## Information provided
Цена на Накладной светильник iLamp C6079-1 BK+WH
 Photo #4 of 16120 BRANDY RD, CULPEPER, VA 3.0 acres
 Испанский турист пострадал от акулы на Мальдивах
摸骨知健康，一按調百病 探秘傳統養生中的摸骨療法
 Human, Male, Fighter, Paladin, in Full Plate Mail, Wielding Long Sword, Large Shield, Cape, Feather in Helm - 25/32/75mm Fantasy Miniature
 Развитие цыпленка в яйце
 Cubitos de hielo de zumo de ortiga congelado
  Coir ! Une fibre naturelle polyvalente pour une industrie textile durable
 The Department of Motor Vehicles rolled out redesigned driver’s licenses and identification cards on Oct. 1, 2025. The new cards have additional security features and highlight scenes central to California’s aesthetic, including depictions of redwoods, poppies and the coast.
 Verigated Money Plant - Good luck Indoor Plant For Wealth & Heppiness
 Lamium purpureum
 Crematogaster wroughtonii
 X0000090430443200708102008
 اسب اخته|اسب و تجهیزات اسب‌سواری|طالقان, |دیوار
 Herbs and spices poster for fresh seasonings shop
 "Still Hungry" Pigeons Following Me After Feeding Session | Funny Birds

## What the task requires
Output, and output only, the lines from the one containing "X0000090430443200708102008" through the last line of the data above.

## Task answer
 X0000090430443200708102008
 اسب اخته|اسب و تجهیزات اسب‌سواری|طالقان, |دیوار
 Herbs and spices poster for fresh seasonings shop
 "Still Hungry" Pigeons Following Me After Feeding Session | Funny Birds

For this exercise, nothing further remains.